▸ Required action: Only the lines below from the one that contains "LC Waikiki Siyah Dar Paca Pantolon" through the one that contains "Primo piano: mano" should appear in your answer, exact and without pictures.

▸ Dataset extract:
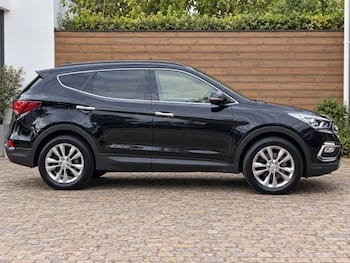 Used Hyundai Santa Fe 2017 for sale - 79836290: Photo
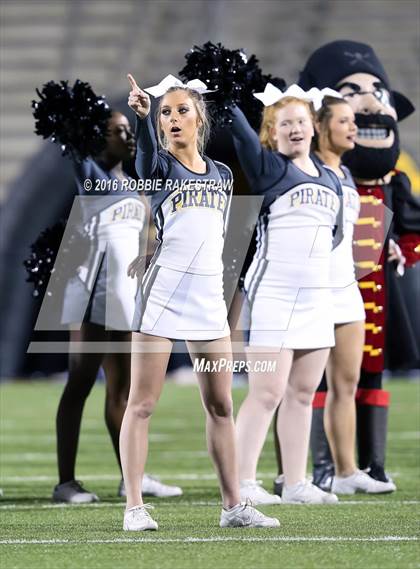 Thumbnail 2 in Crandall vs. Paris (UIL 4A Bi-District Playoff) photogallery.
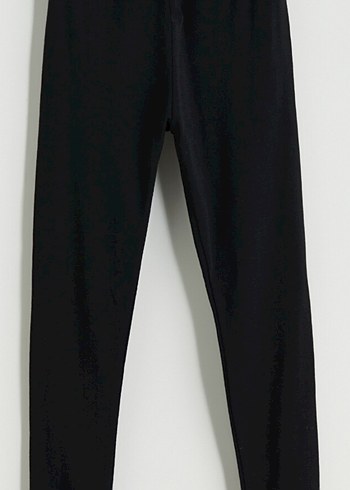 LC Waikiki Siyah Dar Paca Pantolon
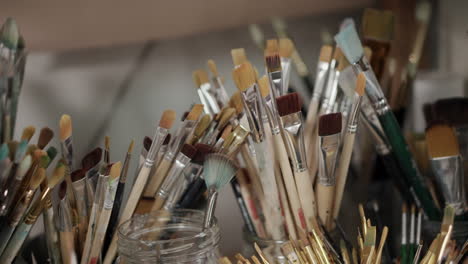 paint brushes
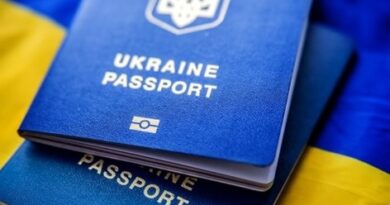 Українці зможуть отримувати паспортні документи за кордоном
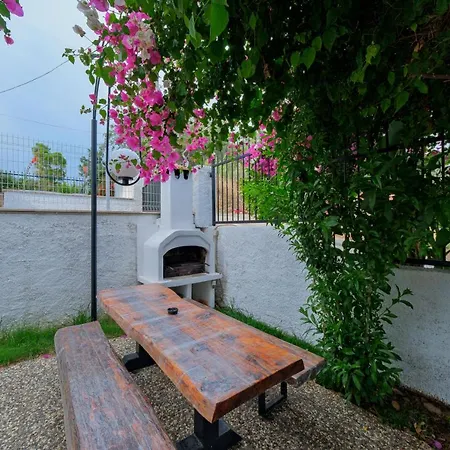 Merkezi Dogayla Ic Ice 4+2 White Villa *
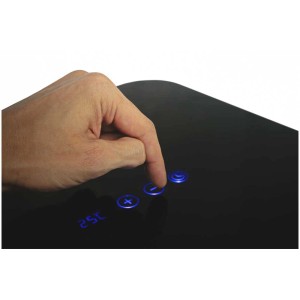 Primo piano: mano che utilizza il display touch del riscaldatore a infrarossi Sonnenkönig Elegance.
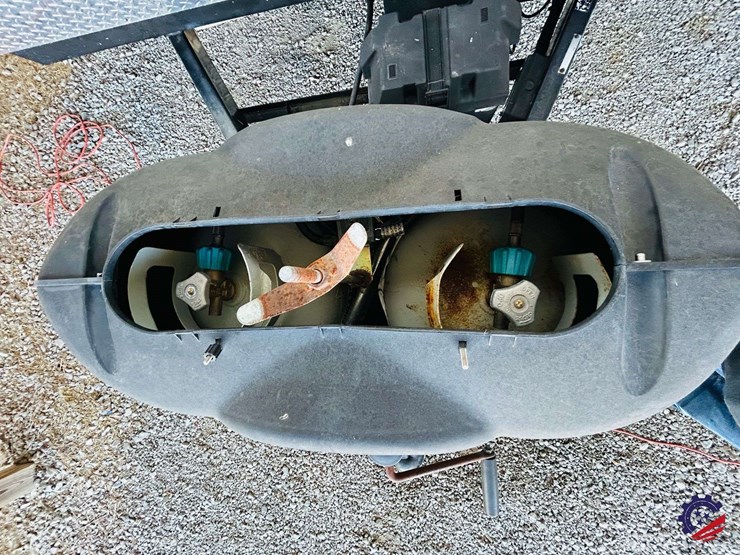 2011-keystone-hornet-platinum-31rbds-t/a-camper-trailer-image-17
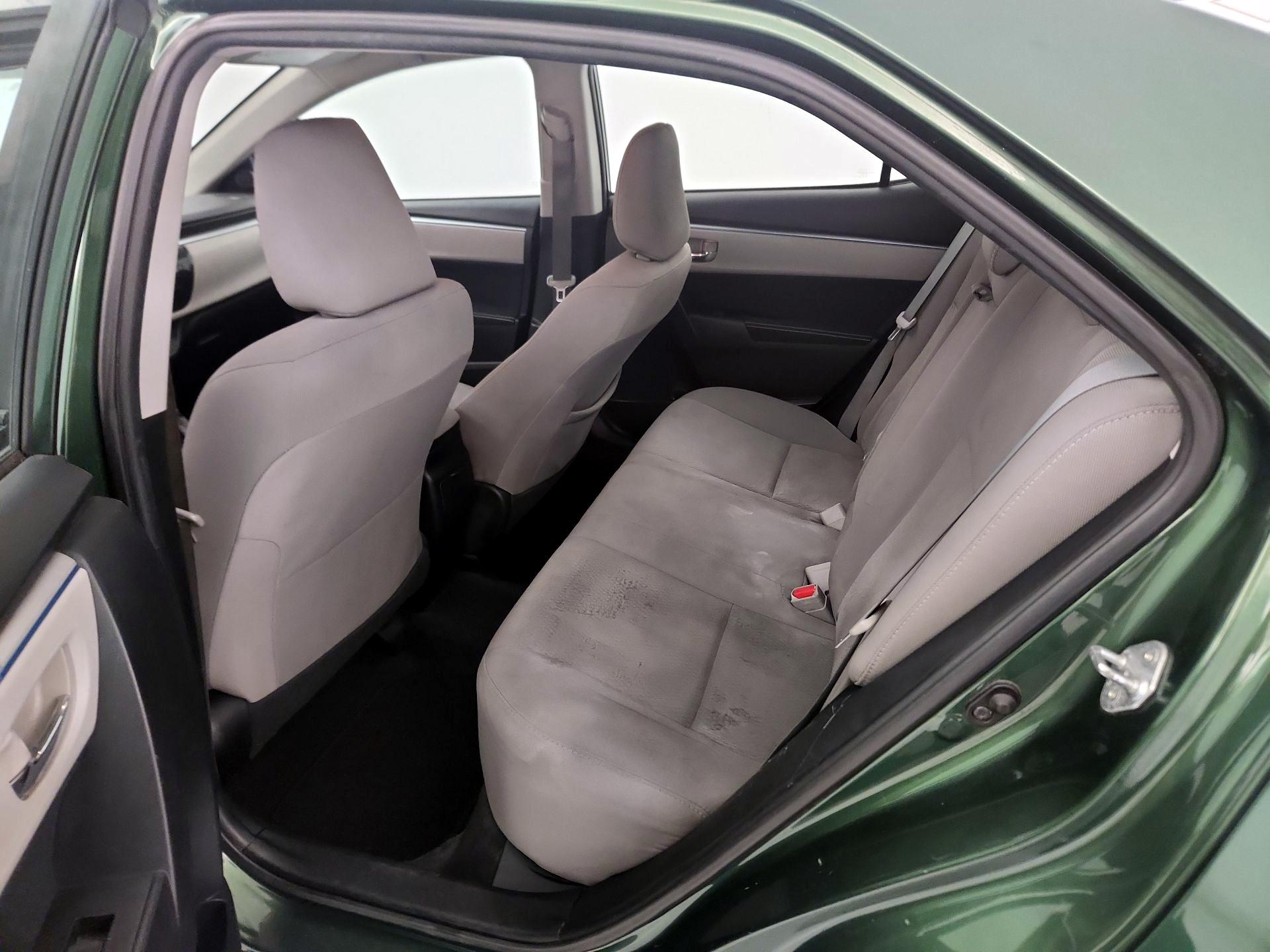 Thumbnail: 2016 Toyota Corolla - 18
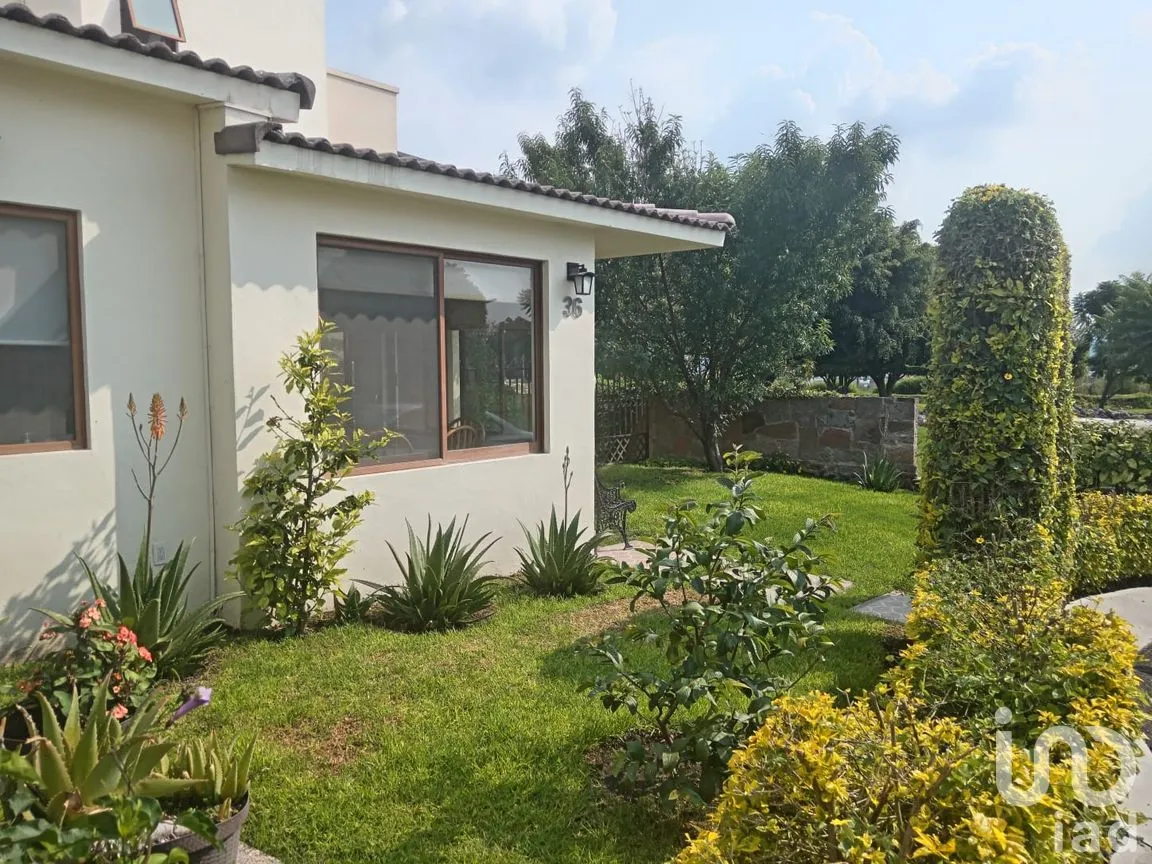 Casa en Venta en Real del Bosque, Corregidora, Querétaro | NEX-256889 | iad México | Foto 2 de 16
...
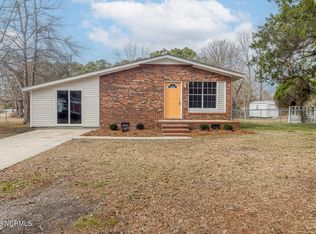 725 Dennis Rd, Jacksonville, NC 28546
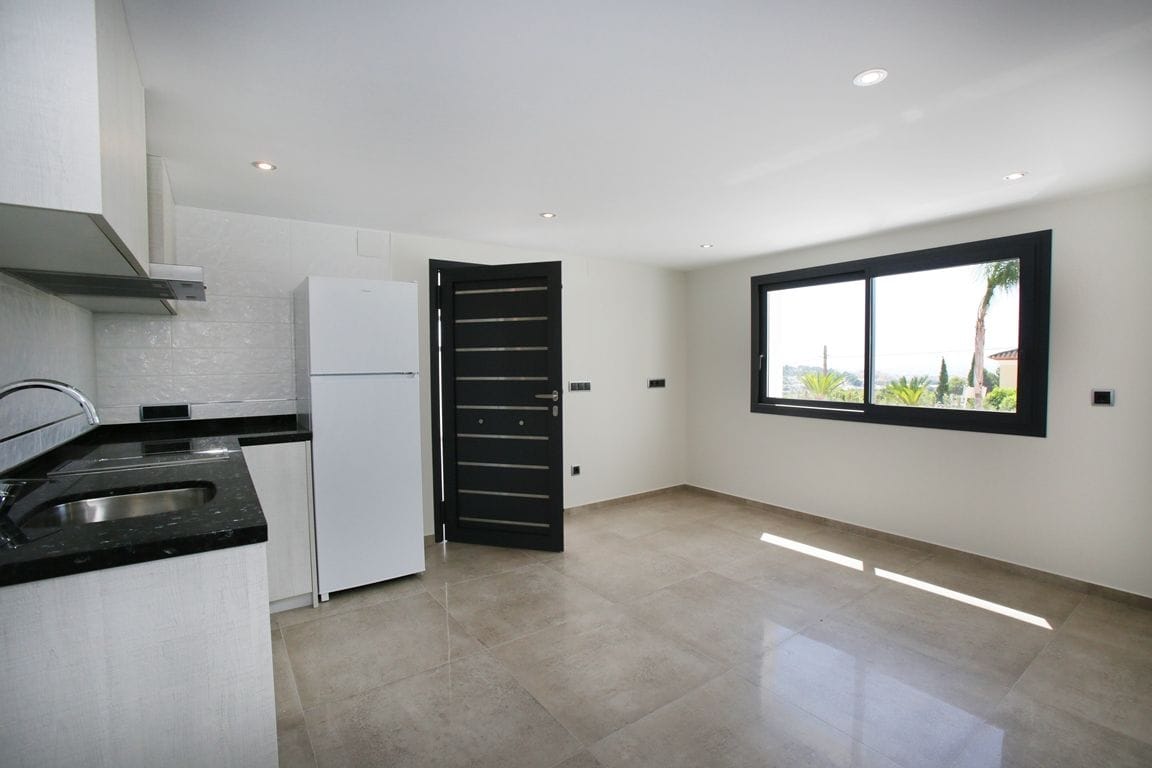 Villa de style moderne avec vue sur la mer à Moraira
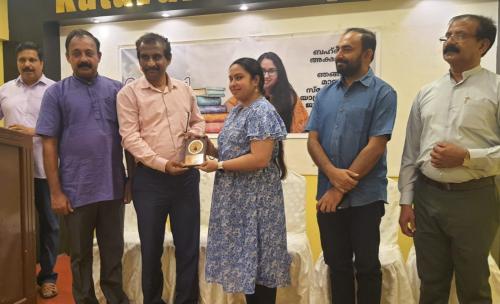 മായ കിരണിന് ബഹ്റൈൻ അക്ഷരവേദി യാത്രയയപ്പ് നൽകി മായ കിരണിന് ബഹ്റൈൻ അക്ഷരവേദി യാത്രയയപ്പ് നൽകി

▸ Exercise answer:
 LC Waikiki Siyah Dar Paca Pantolon
 paint brushes
 Українці зможуть отримувати паспортні документи за кордоном
 Merkezi Dogayla Ic Ice 4+2 White Villa *
 Primo piano: mano che utilizza il display touch del riscaldatore a infrarossi Sonnenkönig Elegance.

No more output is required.